§ Task goal
Your answer should be the lines from the one with "Cable Para Guitarra" to the end of the data below, both included, exact and free of pictures.

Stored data
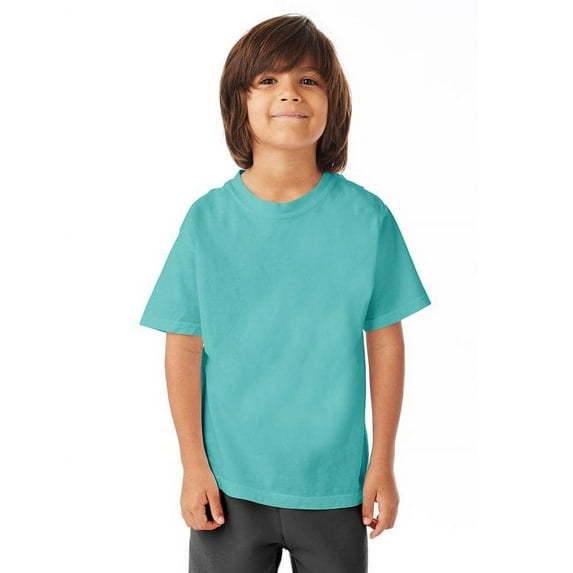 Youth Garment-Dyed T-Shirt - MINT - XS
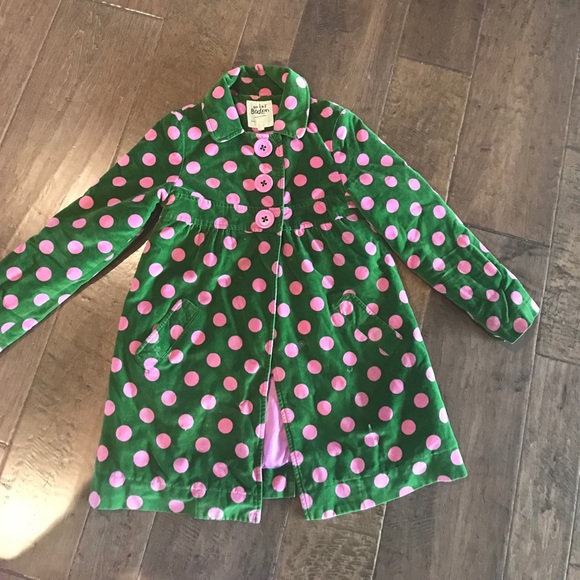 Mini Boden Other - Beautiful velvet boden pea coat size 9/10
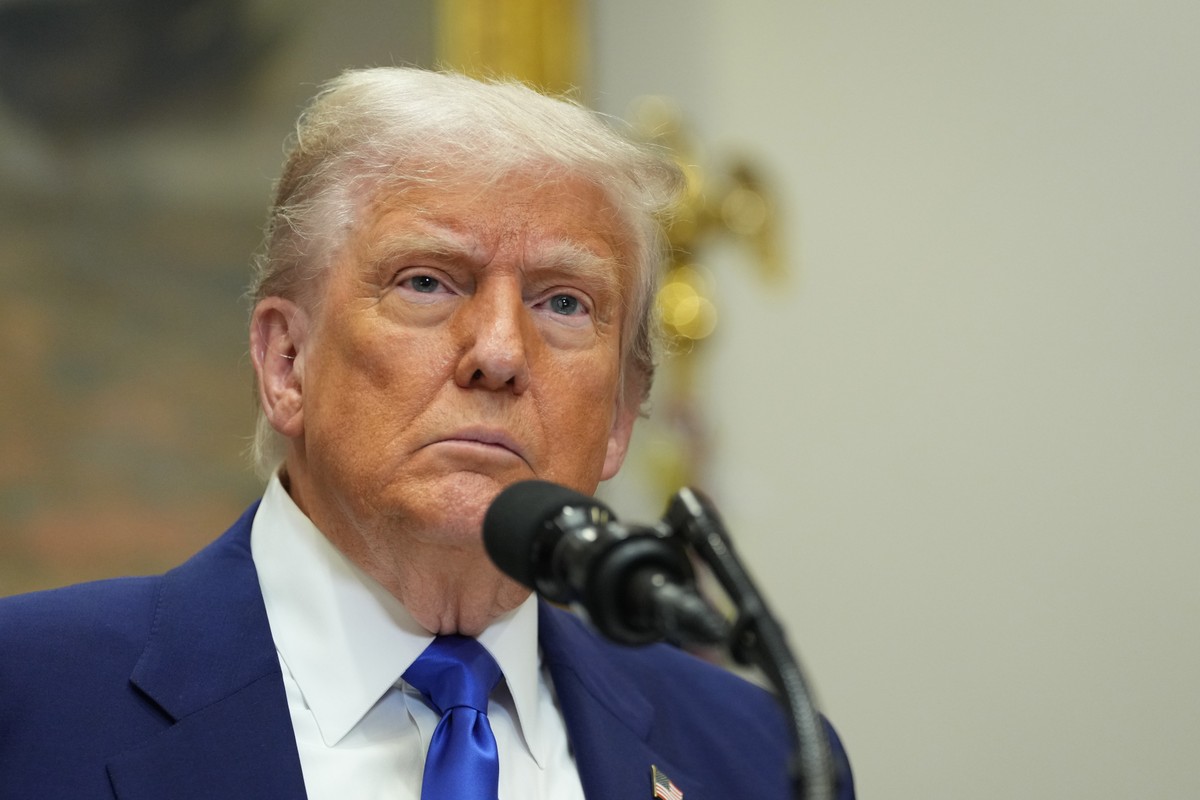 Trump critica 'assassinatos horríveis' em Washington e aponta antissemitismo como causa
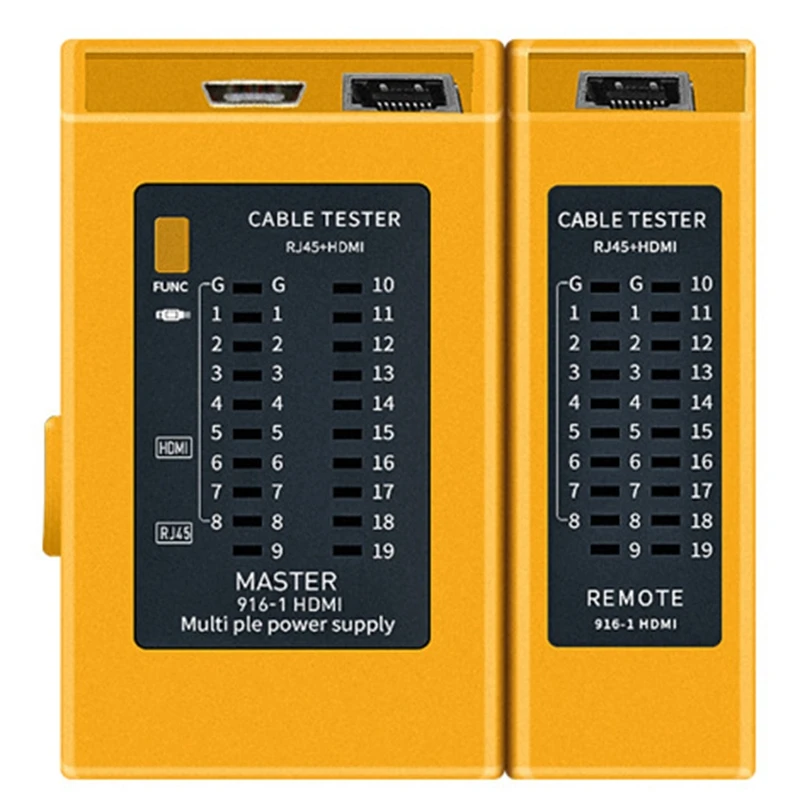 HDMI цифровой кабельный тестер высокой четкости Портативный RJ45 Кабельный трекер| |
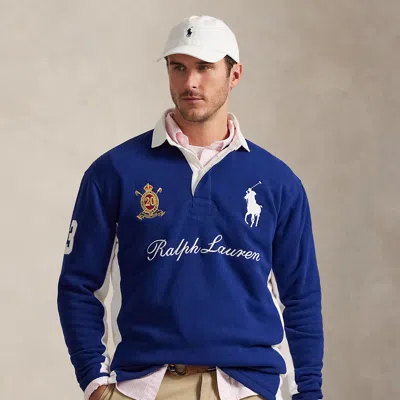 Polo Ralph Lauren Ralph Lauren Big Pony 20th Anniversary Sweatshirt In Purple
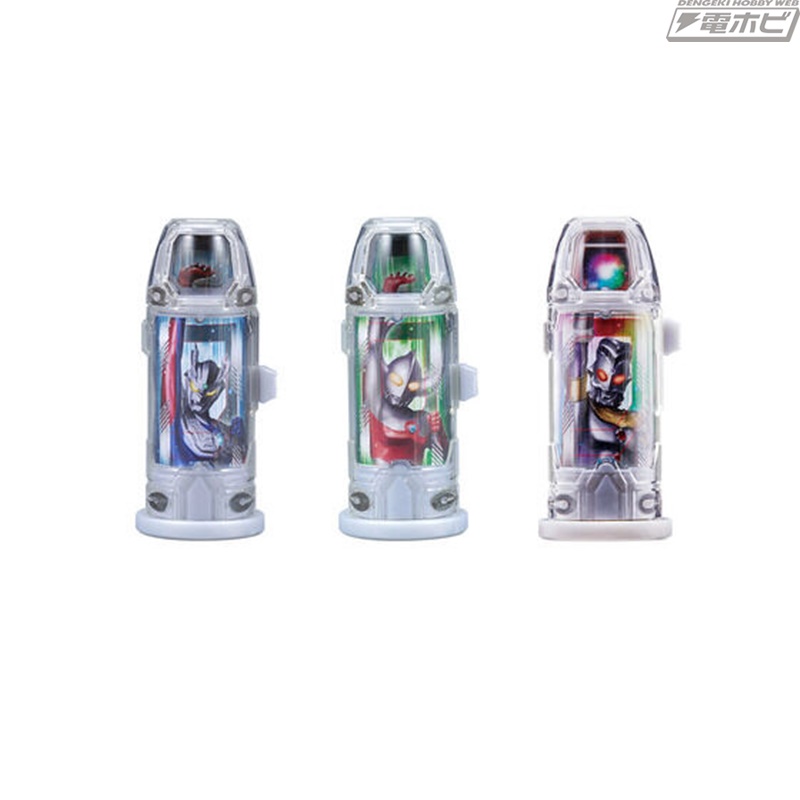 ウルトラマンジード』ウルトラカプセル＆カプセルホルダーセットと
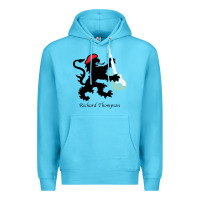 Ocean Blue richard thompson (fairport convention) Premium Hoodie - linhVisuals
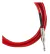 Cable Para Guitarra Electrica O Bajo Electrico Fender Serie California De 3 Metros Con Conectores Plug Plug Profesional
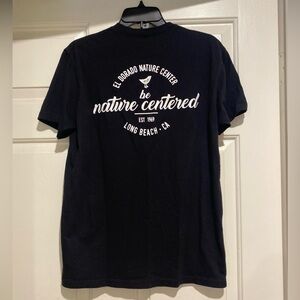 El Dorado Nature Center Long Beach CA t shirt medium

§ Output below
 Cable Para Guitarra Electrica O Bajo Electrico Fender Serie California De 3 Metros Con Conectores Plug Plug Profesional
 El Dorado Nature Center Long Beach CA t shirt medium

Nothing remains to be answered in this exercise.